How victims of Cyber Crime are being let down by Action Fraud
The undercover investigation carried out by The Times newspaper into Action Fraud has revealed a seemingly “defeatist” culture amongst under trained, underpaid and poorly recruited staff who appear to be spending the day taking calls and listening to victims of online fraud, filing reports and doing precious little else. This is sadly not surprising given the experience that we as a firm have had when acting for some of our clients who have been victims of online fraud in the form of anything from phishing attacks and fraudulent emails through to sophisticated malware and ransomware as well as fraud perpetrated through text messaging, instant messaging apps, social media and phone calls.
We always try and support our clients to the fullest extent possible and part of that often involves referring them to contact Action Fraud, if only to get a crime reference number to help with making and insurance claim if nothing else. I have spoken at conferences around the country on cyber security (as the author of the Law Society Cyber Security Toolkit) and often shared platforms with representatives from the police and Action Fraud who have always urged victims of fraud to contact Action Fraud to make sure that the matter is correctly registered and investigated so that the police can take on the fraudsters.
It is consequently so very disappointing to hear that callers are being routed through a call centre where calls are answered not by police officers but by poorly trained staff who are tasked with taking the briefest of reports and making an instant decision as to whether the incident should be filed as a crime report or an “information” report. It seems that the staff are paid barely above the minimum wage and for many of them this is their first job having left school at 16. They’ve received the absolute minimum of training with some of them taking “supervised” calls within 2 weeks of having started. The mandated Home Office training appears to be minimal compared to the training that staff in call centres dealing with customers in industries such as utilities or financial services where training usually lasts up to 6 weeks or more. Standards appear to be so poor that in what should be a “closed book” examination, the answers had been pre supplied while other material was literally stuck on the wall with those taking the assessment encouraged to get up and look at the answers.
As a result staff have been shown in undercover videos shot by the Times investigative journalist as play fighting, checking personal social media and literally drifting off to sleep all while taking live calls from victims of crime, many of whom may have lost substantial sums of money such as the proceeds of a house sale or the entirety of their pension funds. In many instances callers appear to be under the impression that they are speaking to police officers when in fact they are just speaking to barely listening teenagers who are eager to leave finish their shift and leave as soon as they can. One manager admits on Twitter to having worked shifts while inebriated.

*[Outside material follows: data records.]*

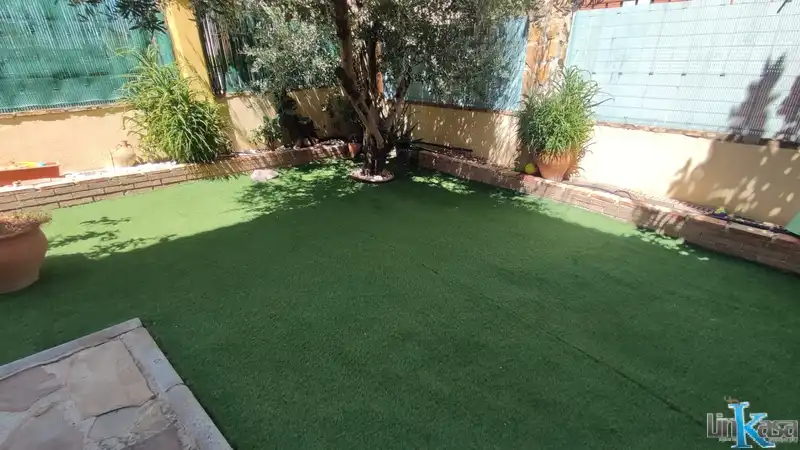 Casa amb terrassa en venda a Calle Alemania, imagen 7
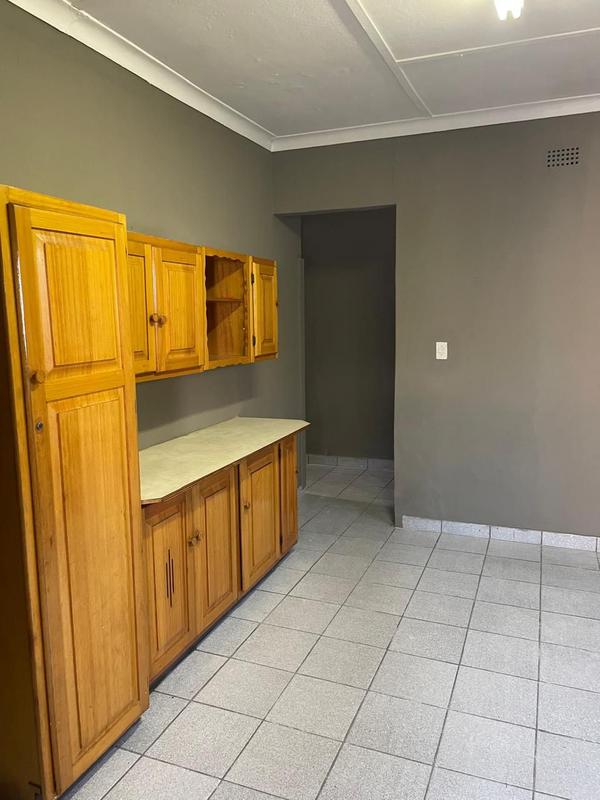 To Let 4 Bedroom Property for Rent in Brixton Gauteng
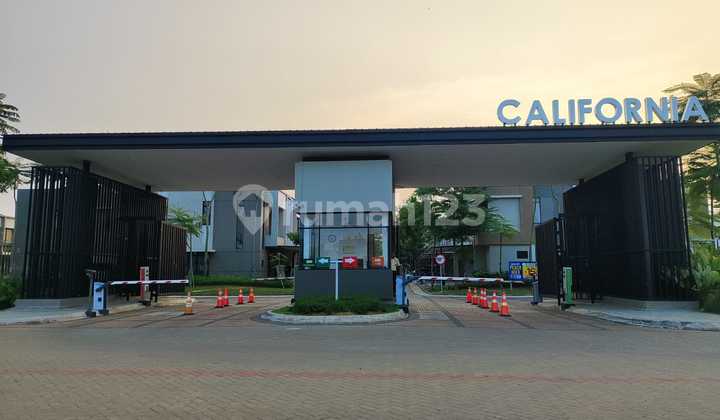 2-Story House in PIK 2 Cluster California, Teluk Naga, Tangerang 2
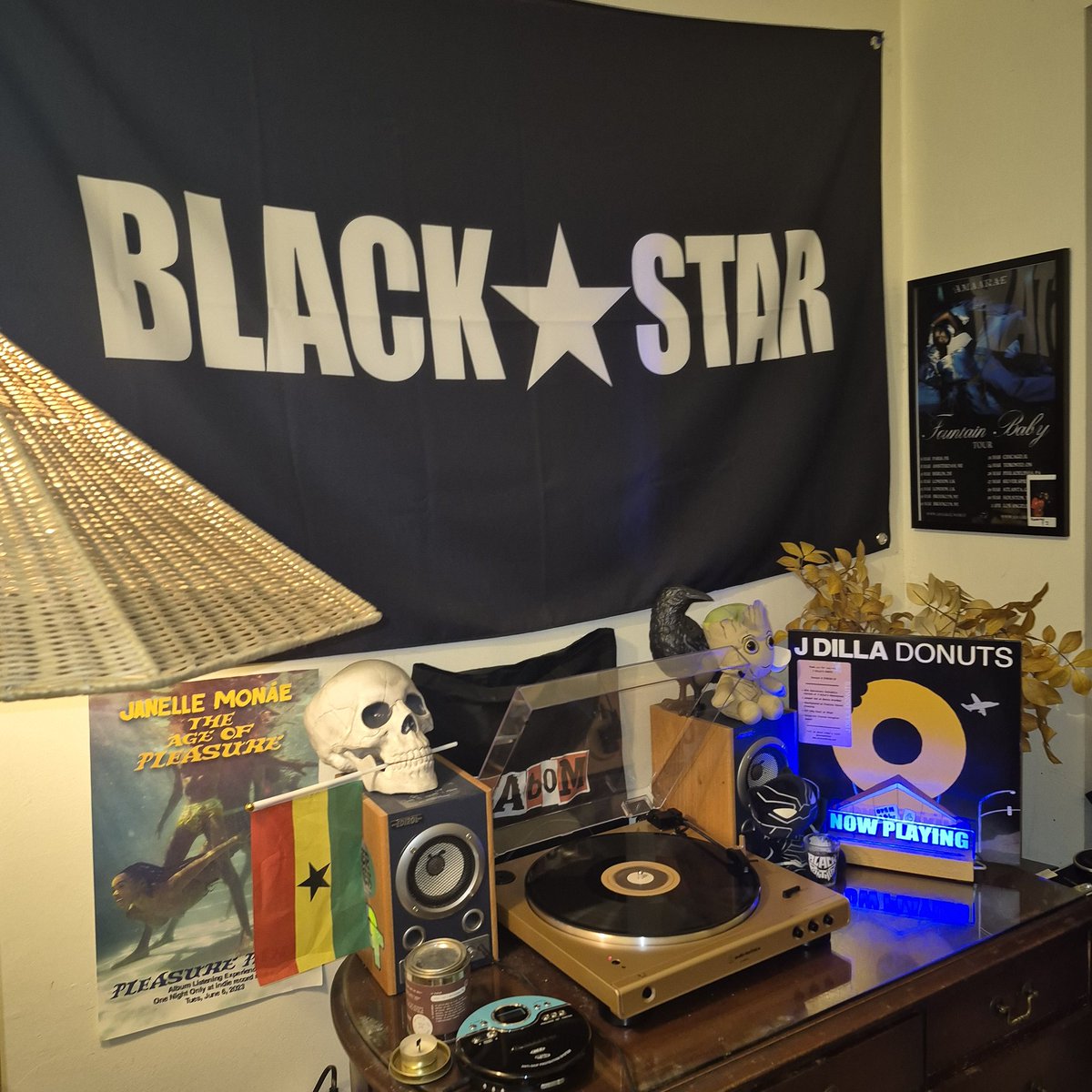 beyondbinary91's tweet image. #NowSpinning: Donuts (20th Anniversary Audiophile Edition) Remastered by Bernie Grundnam by JDilla 

I consider J Dilla Jazz. Especially since he has Herbie Hancock's stamp of approval. So, Happy Jazz Appreciation Month. #Donuts #20thAnnivesaryEditionAudiophileEdition #JDilla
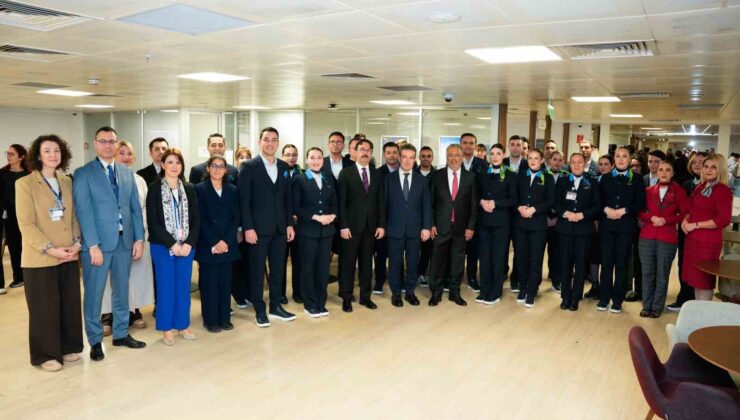 AJet Yönetim Kurulu Başkanı Bolat: “AJet ve Türk Hava Yolları sadece birer havayolu şirketi değil, aynı zamanda Türkiye’nin dünyaya açılan yüzü^”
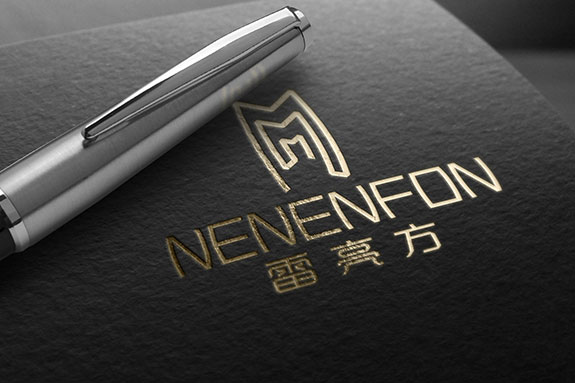 高端服飾品牌創意設計 雷亮方標志燙金效果設計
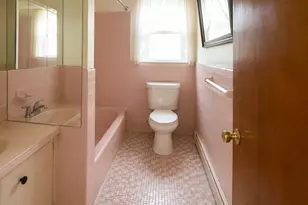 441 W 1st Ave, Roselle, NJ 07203 - Photo 10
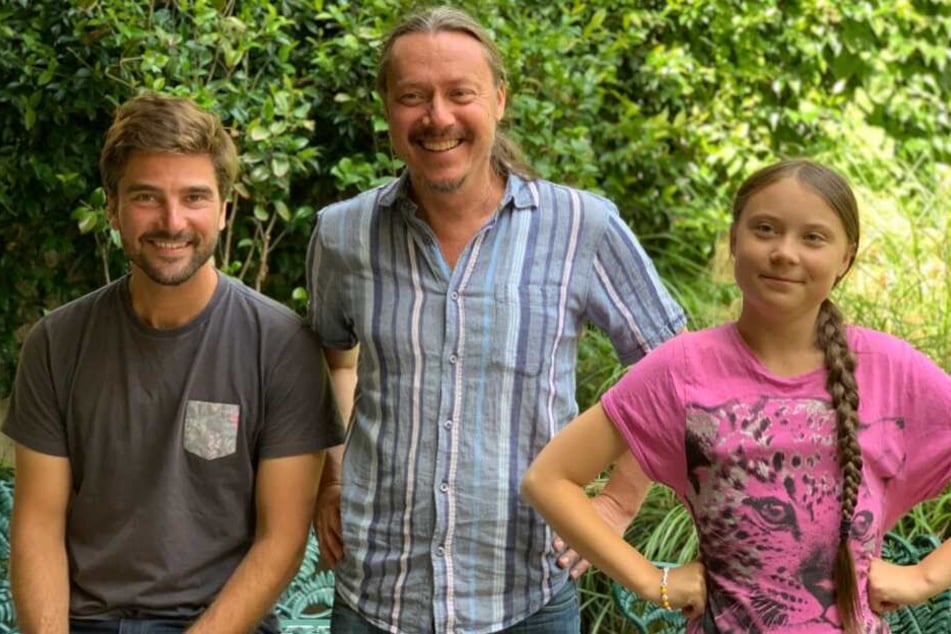 Greta Thunberg (r-l) begibt sich mit ihrem Vater Svante Thunberg und Boris Herrmann auf große Reise.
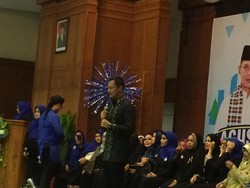 Agus Yudhoyono: Dari Tatapan Mata, Ibu-ibu yang Paling Ingin Jakarta Berubah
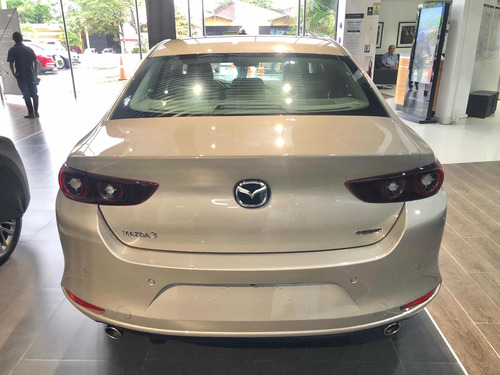 Imagen 6 de 17 de Mazda 3 Sdn At Grand Touring Hibrido 2.0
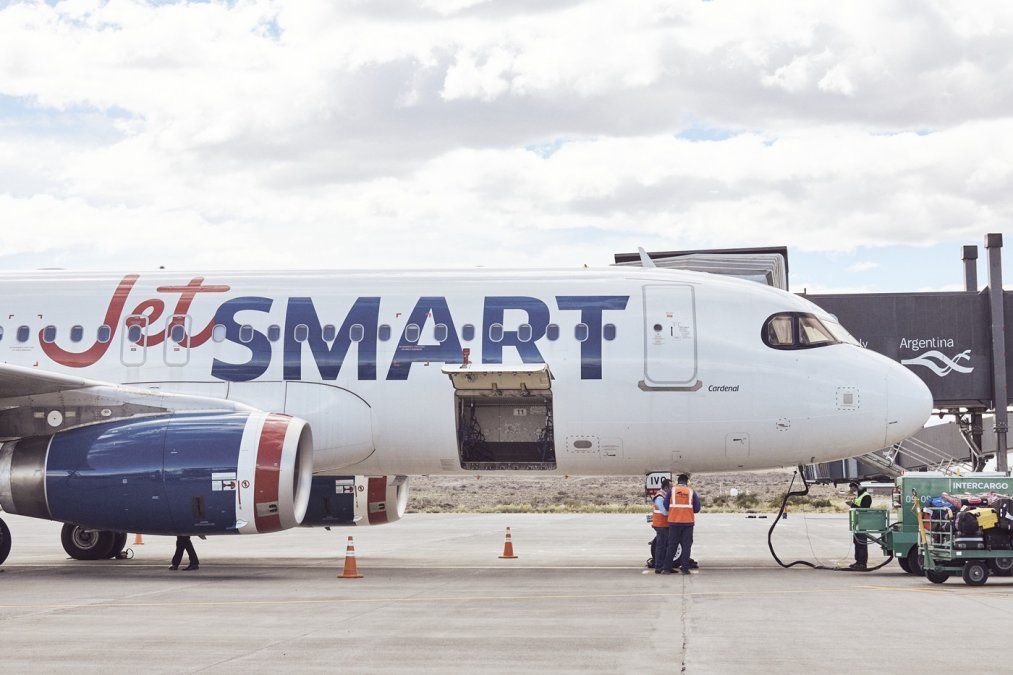 La aerolínea JetSmart ofrece cuatro frecuencias semanales al mediodía y los vuelos serán con su flota de aeronaves Airbus 320. - Ladevi Medios y Soluciones La aerolínea JetSmart ofrece cuatro frecuencias semanales al mediodía y los vuelos serán con su flota de aeronaves Airbus 320.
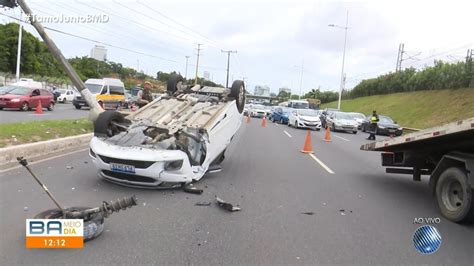 Mulher fica ferida após carro que ela dirigia bater em poste e capotar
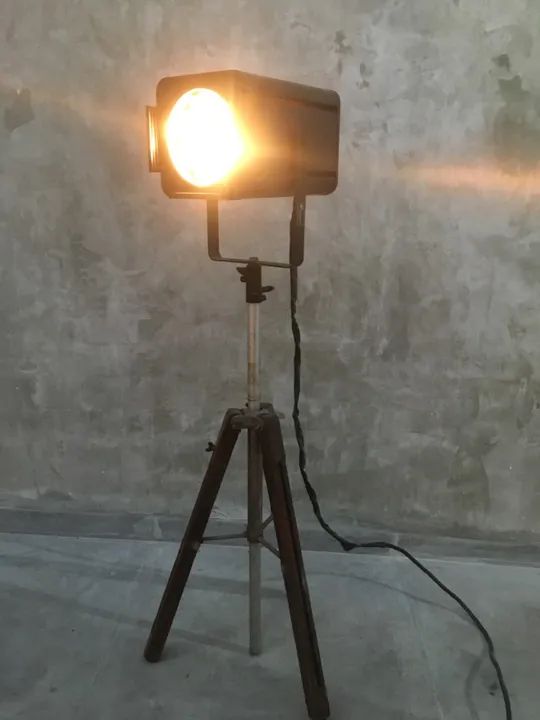Antiga original exclusiva luminária refletor Loft industrial - Foto 2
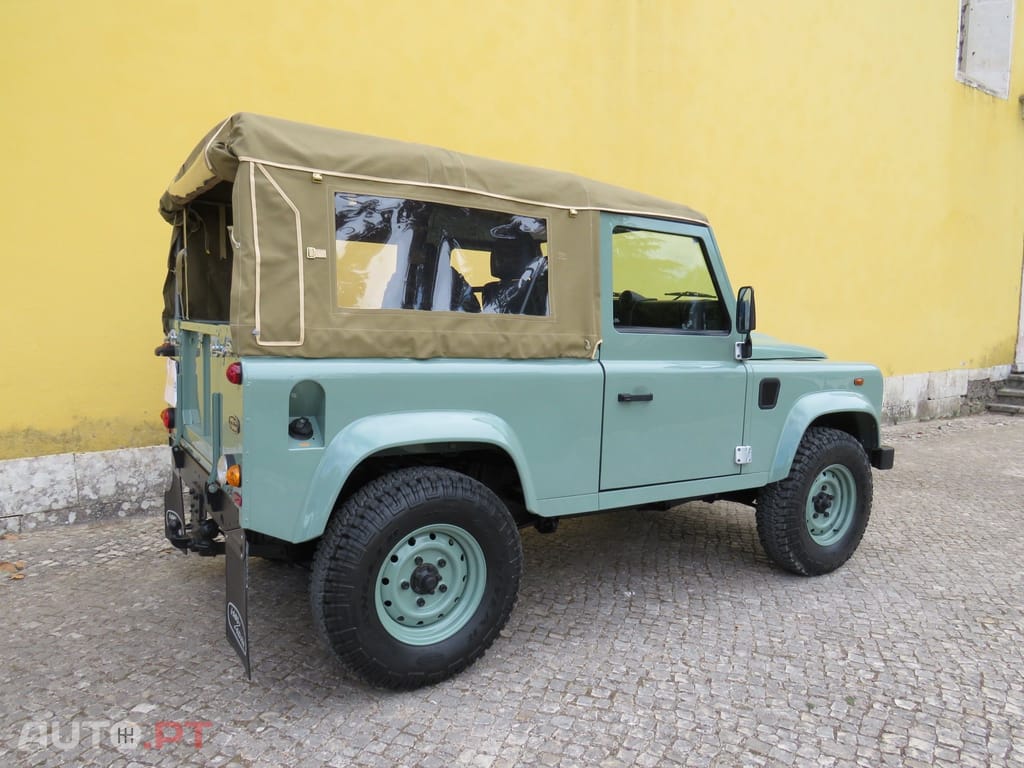 Land Rover Defender TD4 PUMA HERITAGE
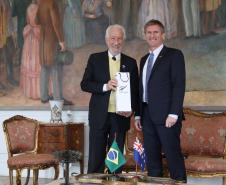 O vice-governador Darci Piana recebe o embaixador da Nova Zelândia, Chris Langley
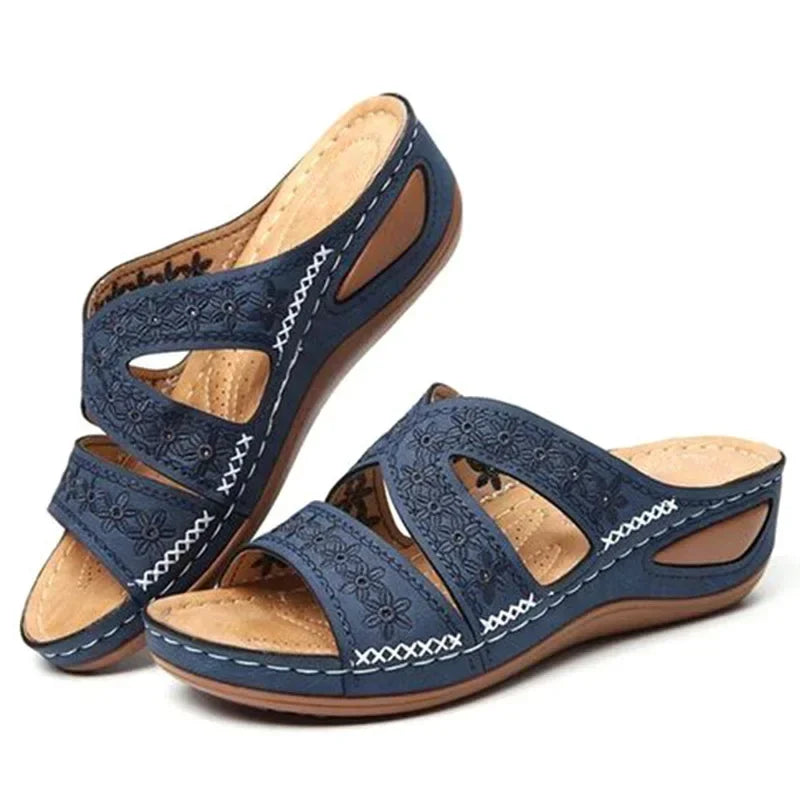 Sandalias de tejido azul marino con flores, tira cruzada y costuras blancas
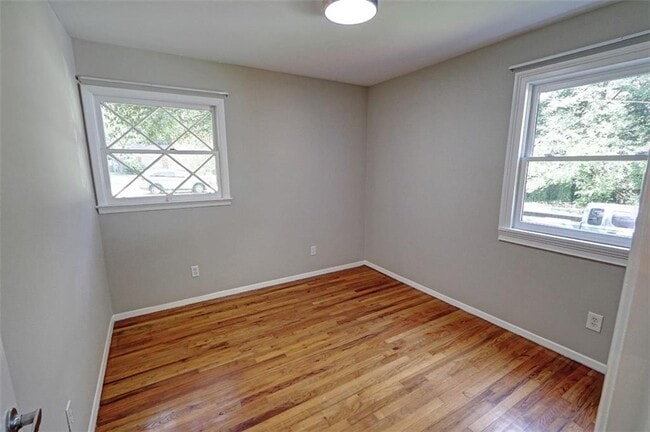 Building Photo - 2968 Fantasy Ln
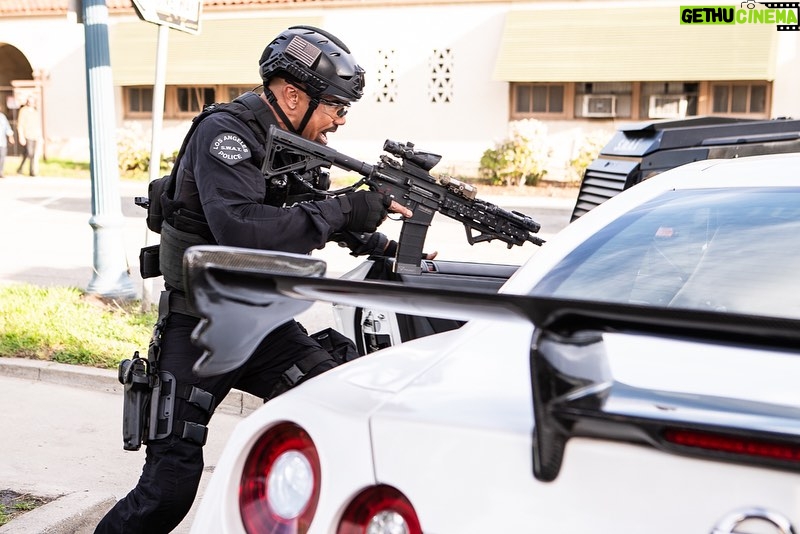 Shemar Moore Instagram - All new @swatcbs FRIDAY at 8PM!!! This one might leave ya a little SHOOK 🥵
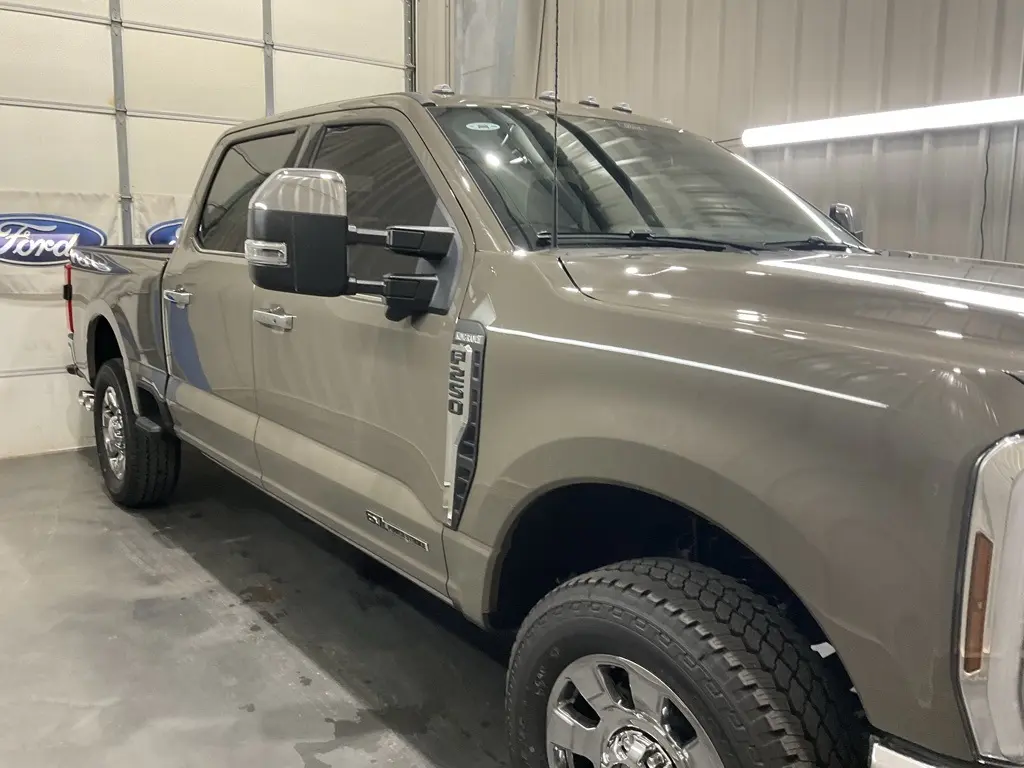 2026 Ford F-250 photo 4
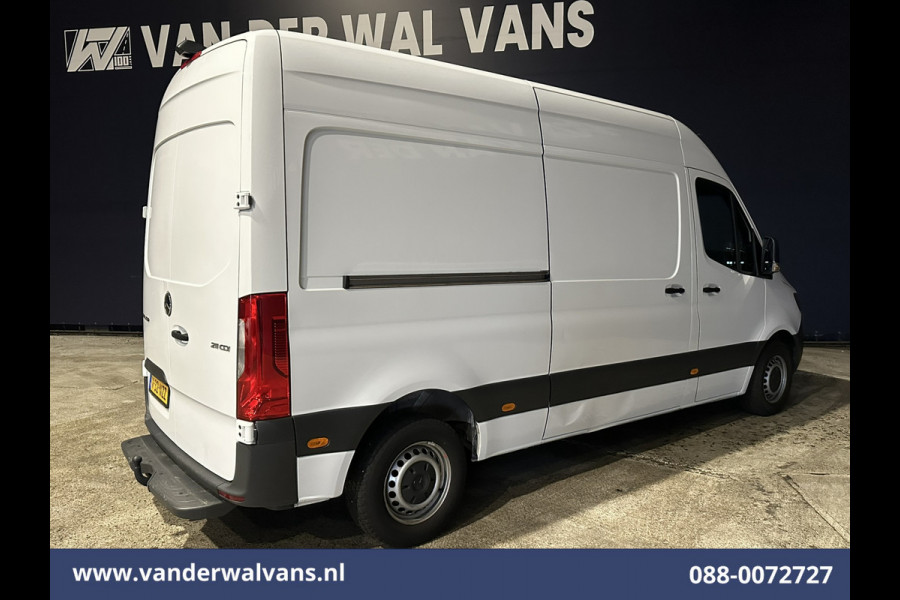 Mercedes-Benz Sprinter 211CDI L2H2 Euro6 Airco | Camera | Trekhaak Bijrijdersbank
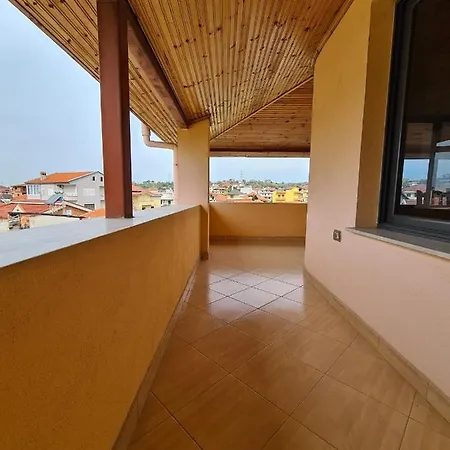 Bar Kafe Pjetri Homestay Paskuqan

The shocking thing here is that approximately a third of all crime in the UK is now made up of fraud. Yet of all of the more than 500,000 fraud cases reported last year barely 10,000 – a few percent of those reported – will result in any arrests. When victims of crime are being directed to the apparent cul-de-sac that is Action Fraud it is not difficult to see why success rates are so tiny, and these figures should have provoked action. It should not have required a journalist to walk into the call centre with a video camera and get it onto the front pages for the Home Office to wake up and take action. As a result, fraudsters are most likely fully aware that the bare minimum in terms of police resources is being directed at investigating them and stopping them, leaving them to be ever more adventurous and ambitious in targeting more and more innocent victims for ever larger sums.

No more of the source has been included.